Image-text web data

○ ○ ○ ○ ○ ○ ○

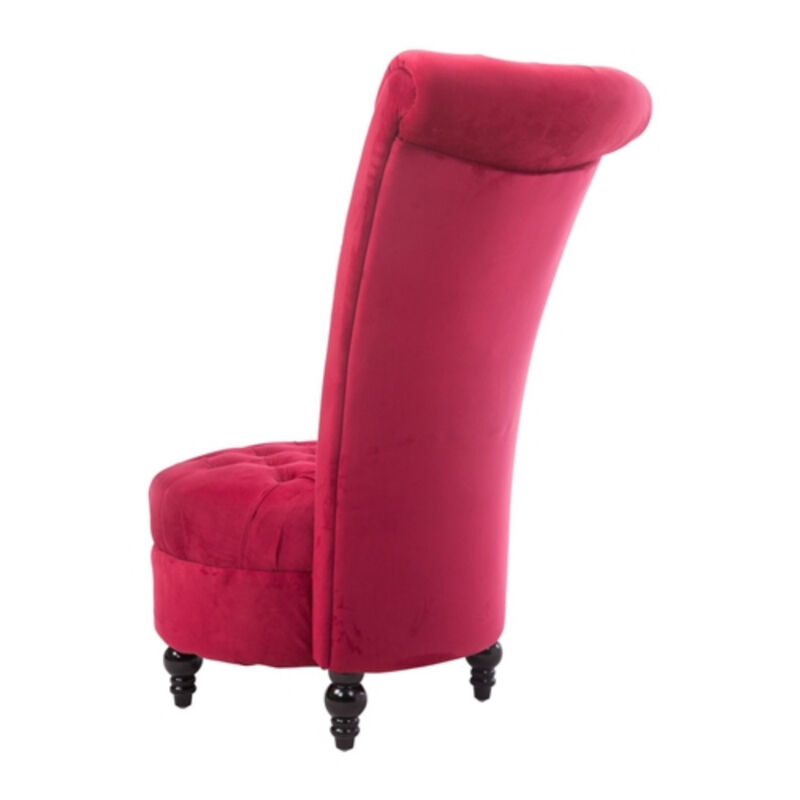 Tufted High Back Plush Velvet Upholstered Accent Chair For Living Room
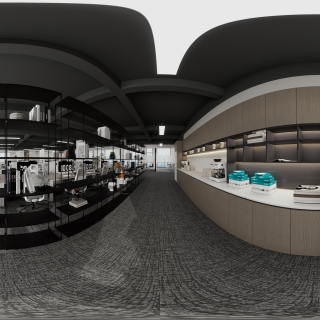 现代开放式办公区3全景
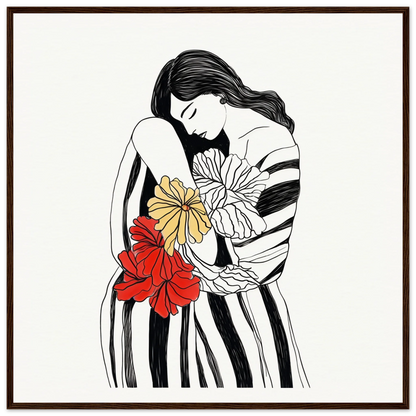 Line drawing of a figure in a striped dress with flowers from Blossom Dreamscape Odyssey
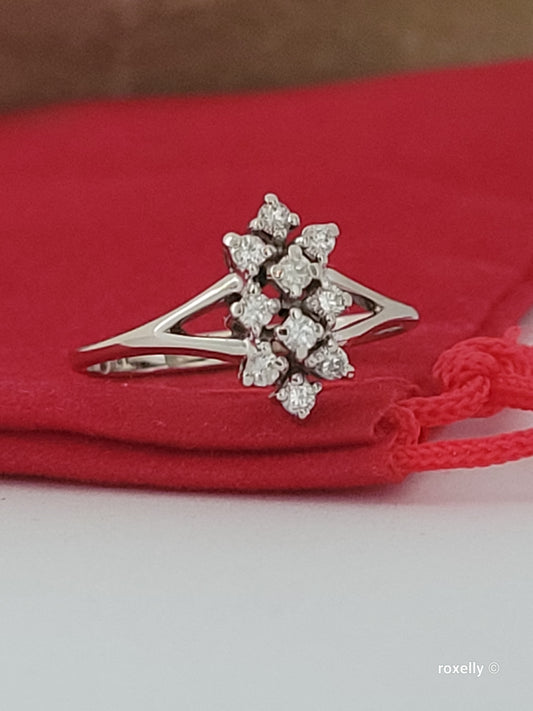 ❤️14k 6.75 Size Lovely Solid White Gold Genuine Diamonds Ring!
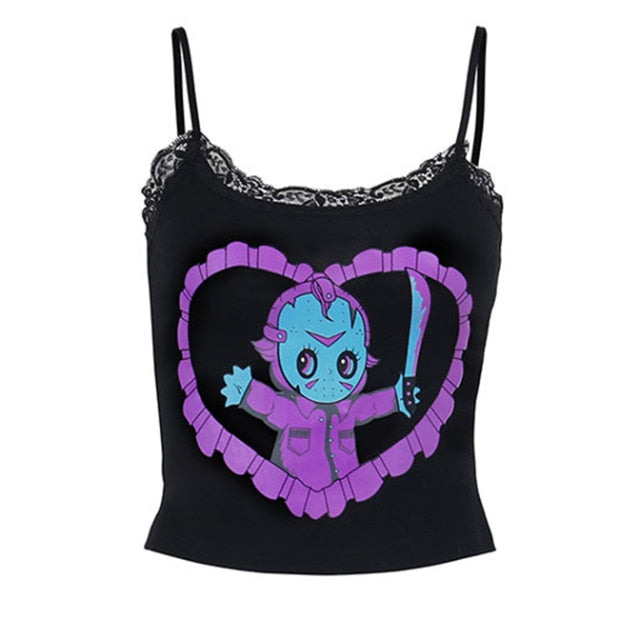 Gothic Grunge Corset Crop Top Vintage Women Lace Trim Black Cami Top Harajuku Retro Mini Vest Punk Style Emo Alt Clothes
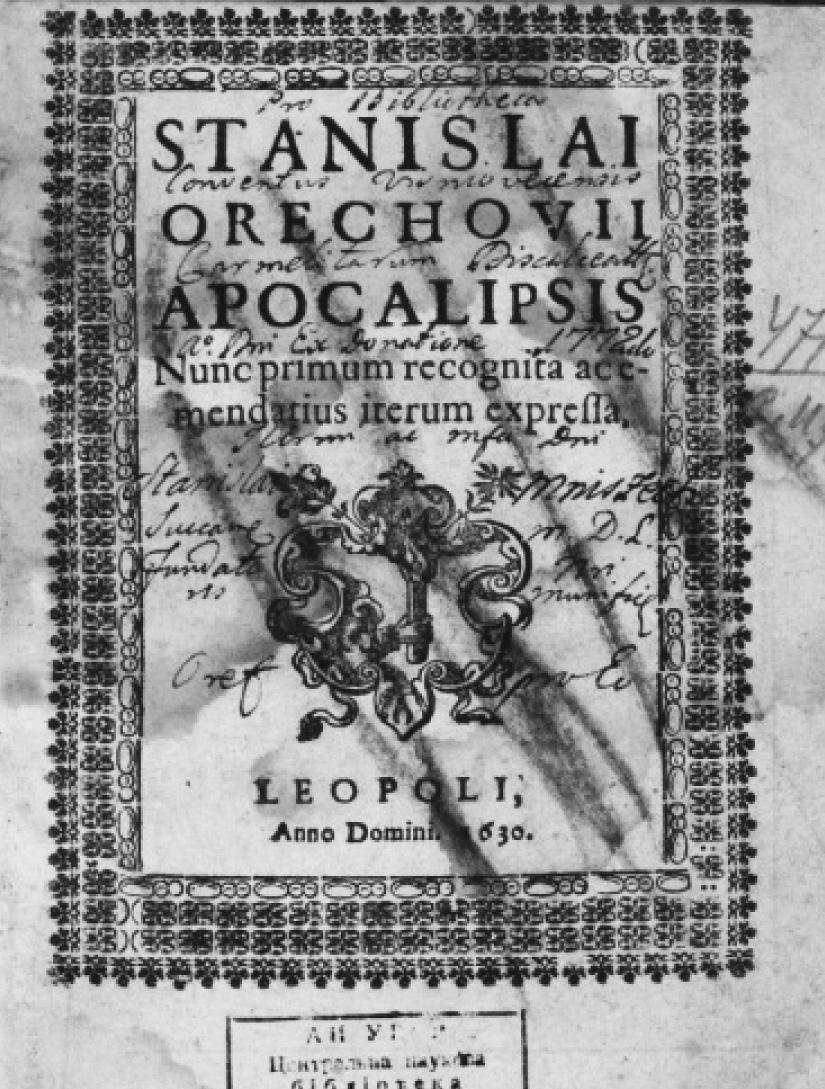 Oksana Rabczun książka należy do biblioteki zakonu klasztoru karmelitów w Wiśniowcu. Po tekście wszyta karta z ryciną. W końcu sześć czystych kart. Egzemplarz wymaga restauracji. 8.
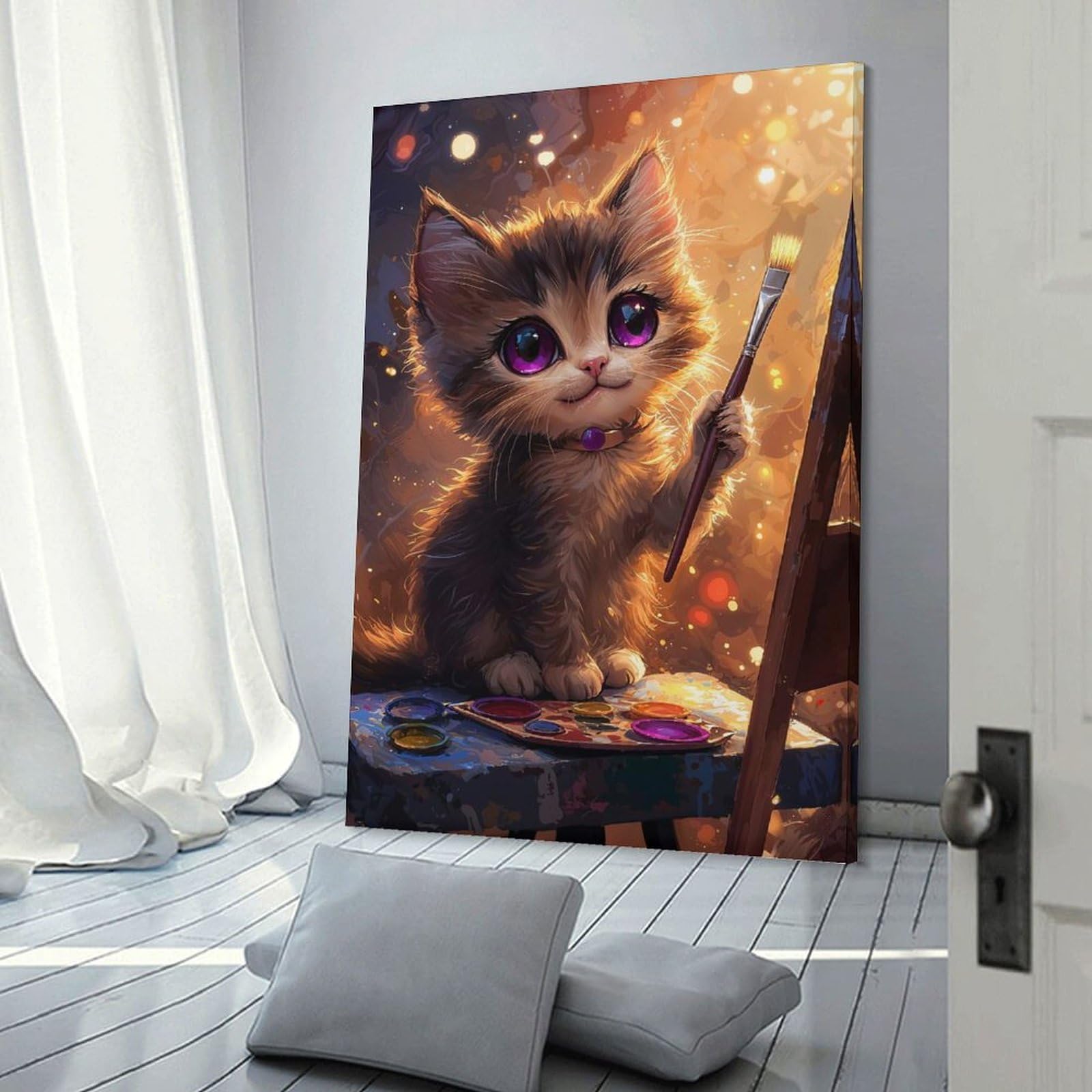Junmoney Canvas Wall Art Kitten Artist, 20x30inch(50x75cm), for New Homes, Bedrooms Or Workspaces, Canvas Artwork with Gifting Potential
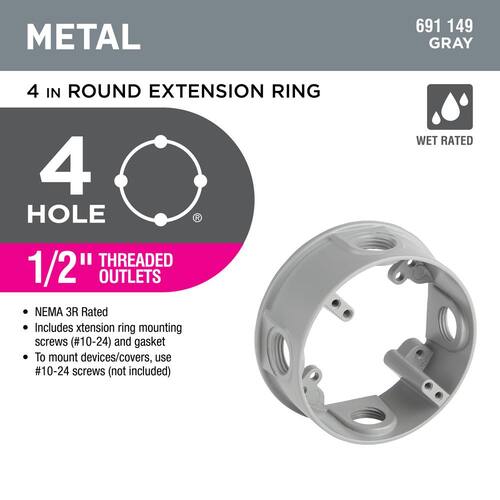 Weatherproof Extension Ring Round Metallic 4 in. with (4) 1/2 in. Holes, Gray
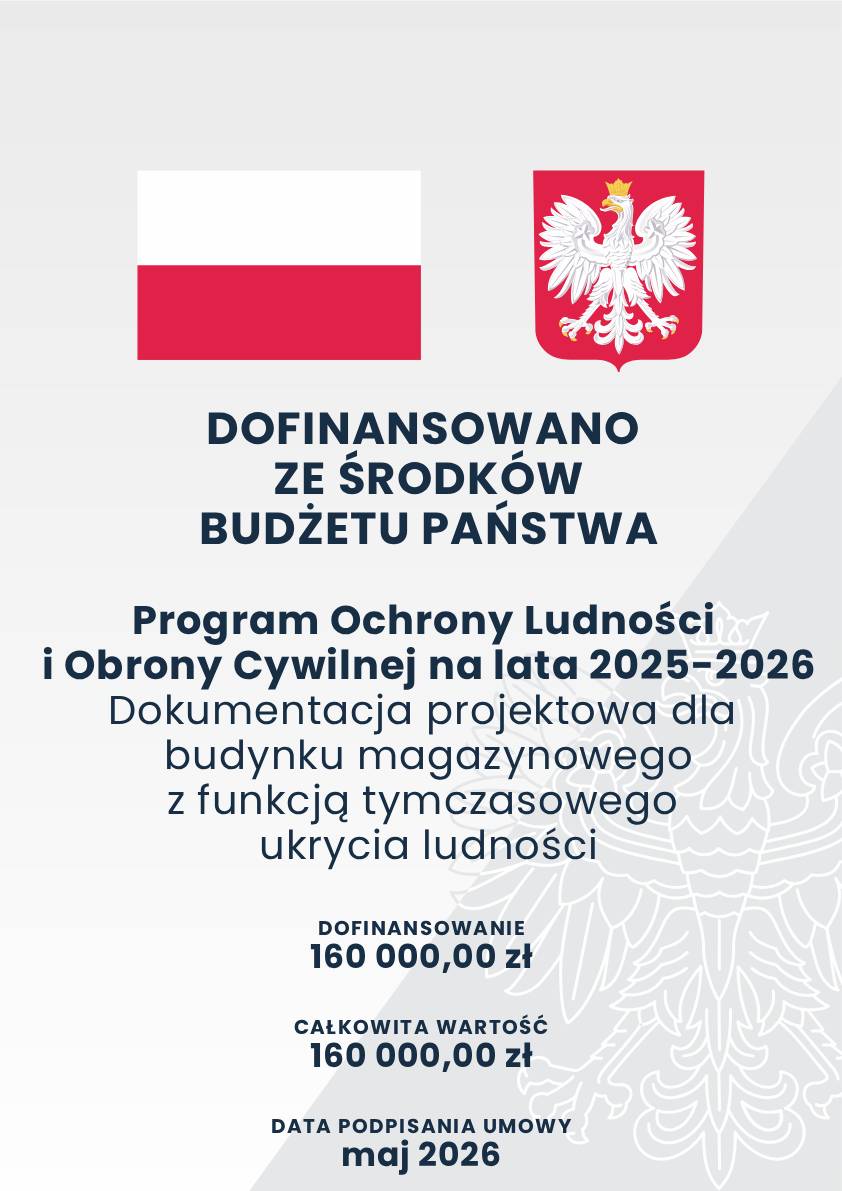 Dofinansowano ze środków budżetu państwa Program Ochrony Ludności i Obrony Cywilnej na lata 2025-2026 Dokumentacja projektowa dla budynku magazynowego z funkcją tymczasowego ukrycia ludności. Dofinansowanie 160000,00 zł, całkowita wartość 160000,00 zł, data podpisania umowy maj 2026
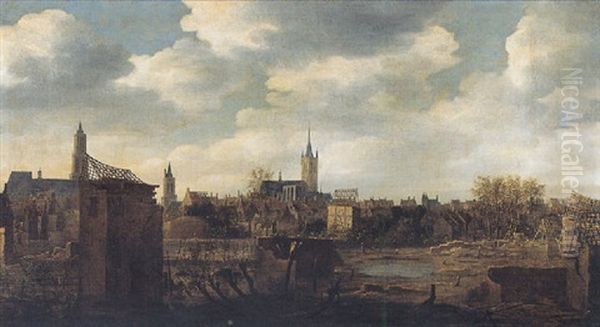 Delft, Na De Ontploffing Van Het Kruitmagazijn Op 12 Oktober 1654 Oil Painting by Daniel Vosmaer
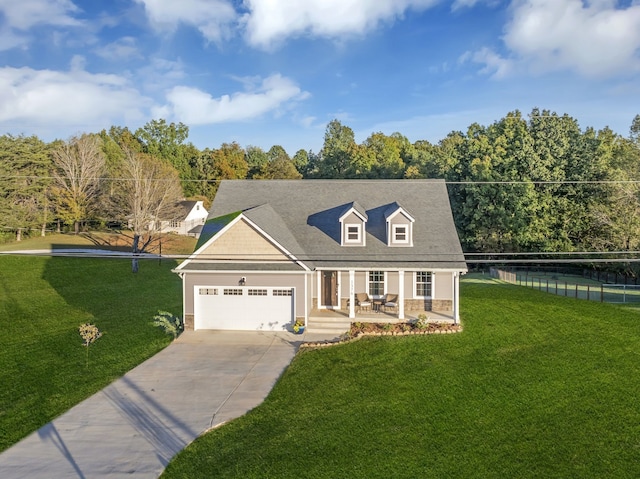 view of front of property with a front lawn and a porch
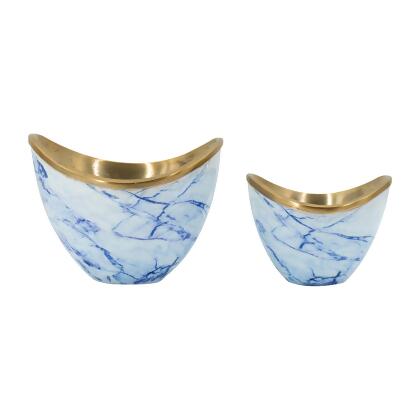 Boat-Shaped Marble-Style Aluminum Bowl - 8.5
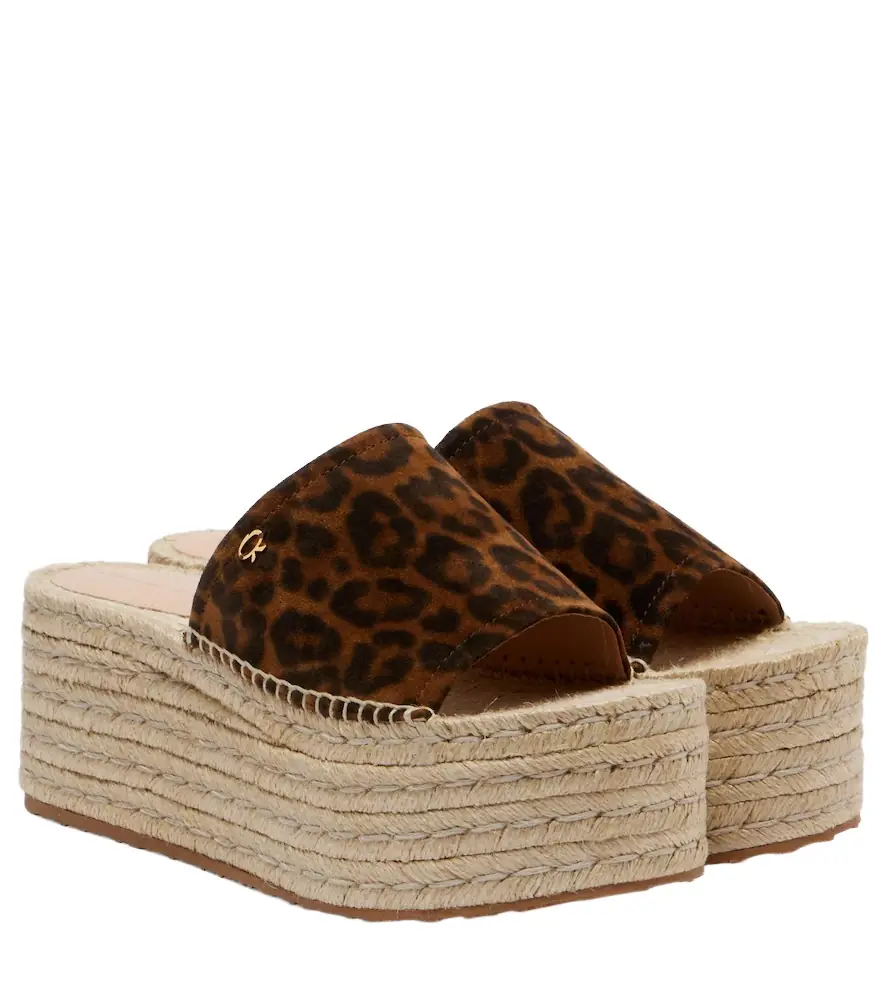 Gianvito Rossi Leopard-print suede espadrille sandals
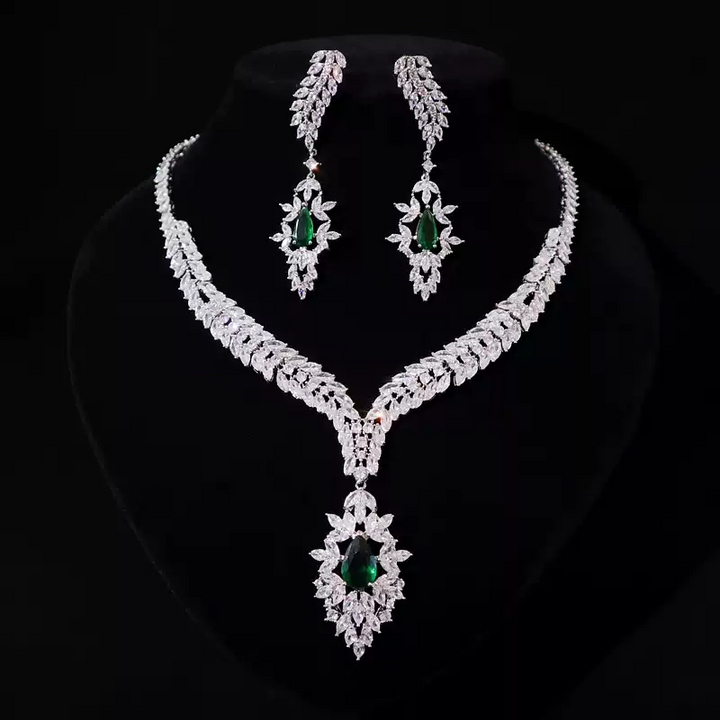 Vintage-Inspired Zircon Necklace and Earrings Set – Elegant Bridal Jewelry Set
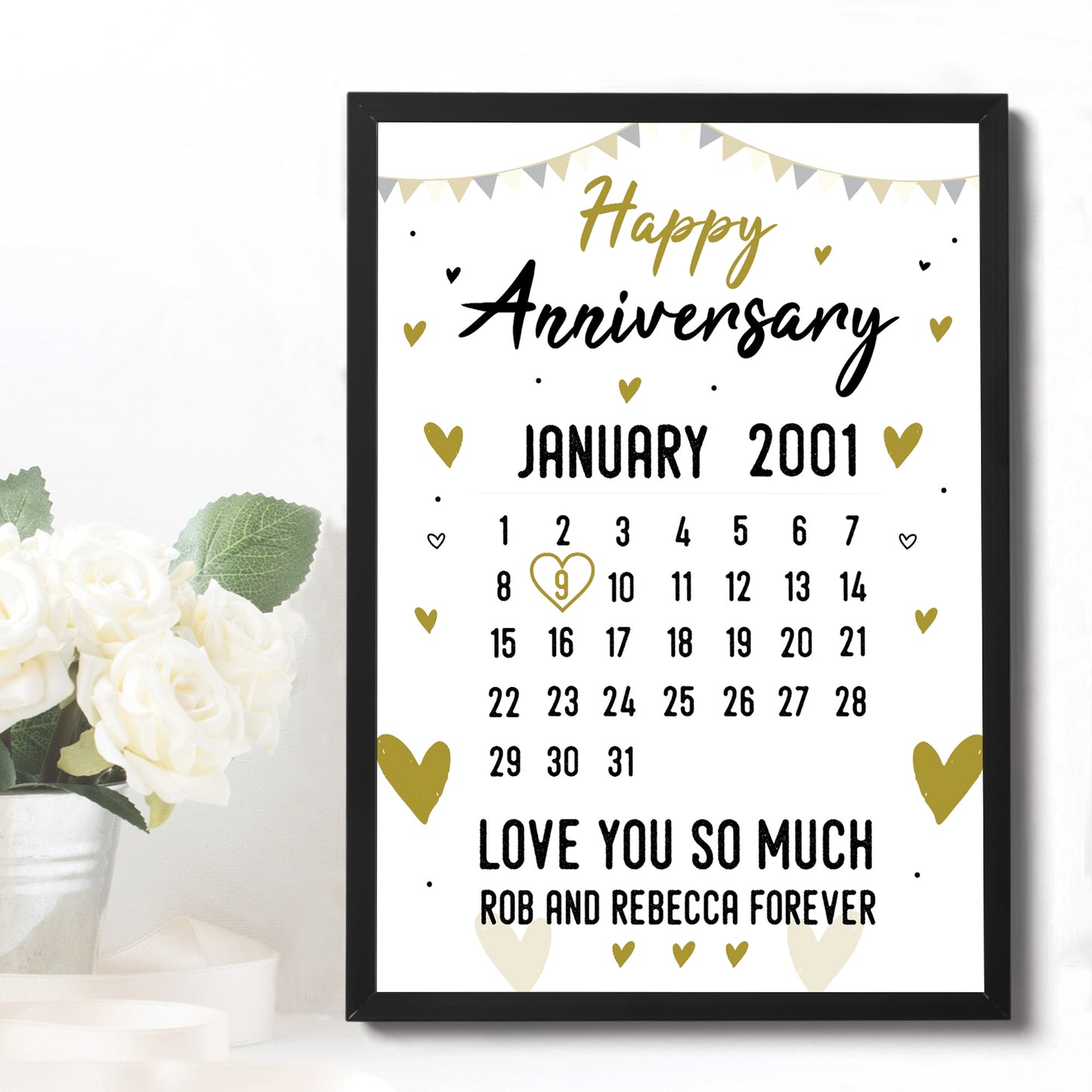 Anniversary Gift For Him Framed Print Calender Anniversary Gift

○ ○ ○ ○ ○ ○ ○

◆ **AIM OF THE EXERCISE**
Print all entries exactly, without images.

◆ **ANSWER**
 Tufted High Back Plush Velvet Upholstered Accent Chair For Living Room
 现代开放式办公区3全景
 Line drawing of a figure in a striped dress with flowers from Blossom Dreamscape Odyssey
 ❤️14k 6.75 Size Lovely Solid White Gold Genuine Diamonds Ring!
 Gothic Grunge Corset Crop Top Vintage Women Lace Trim Black Cami Top Harajuku Retro Mini Vest Punk Style Emo Alt Clothes
 Oksana Rabczun książka należy do biblioteki zakonu klasztoru karmelitów w Wiśniowcu. Po tekście wszyta karta z ryciną. W końcu sześć czystych kart. Egzemplarz wymaga restauracji. 8.
Junmoney Canvas Wall Art Kitten Artist, 20x30inch(50x75cm), for New Homes, Bedrooms Or Workspaces, Canvas Artwork with Gifting Potential
 Weatherproof Extension Ring Round Metallic 4 in. with (4) 1/2 in. Holes, Gray
 Dofinansowano ze środków budżetu państwa Program Ochrony Ludności i Obrony Cywilnej na lata 2025-2026 Dokumentacja projektowa dla budynku magazynowego z funkcją tymczasowego ukrycia ludności. Dofinansowanie 160000,00 zł, całkowita wartość 160000,00 zł, data podpisania umowy maj 2026
 Delft, Na De Ontploffing Van Het Kruitmagazijn Op 12 Oktober 1654 Oil Painting by Daniel Vosmaer
 view of front of property with a front lawn and a porch
 Boat-Shaped Marble-Style Aluminum Bowl - 8.5
 Gianvito Rossi Leopard-print suede espadrille sandals
 Vintage-Inspired Zircon Necklace and Earrings Set – Elegant Bridal Jewelry Set
 Anniversary Gift For Him Framed Print Calender Anniversary Gift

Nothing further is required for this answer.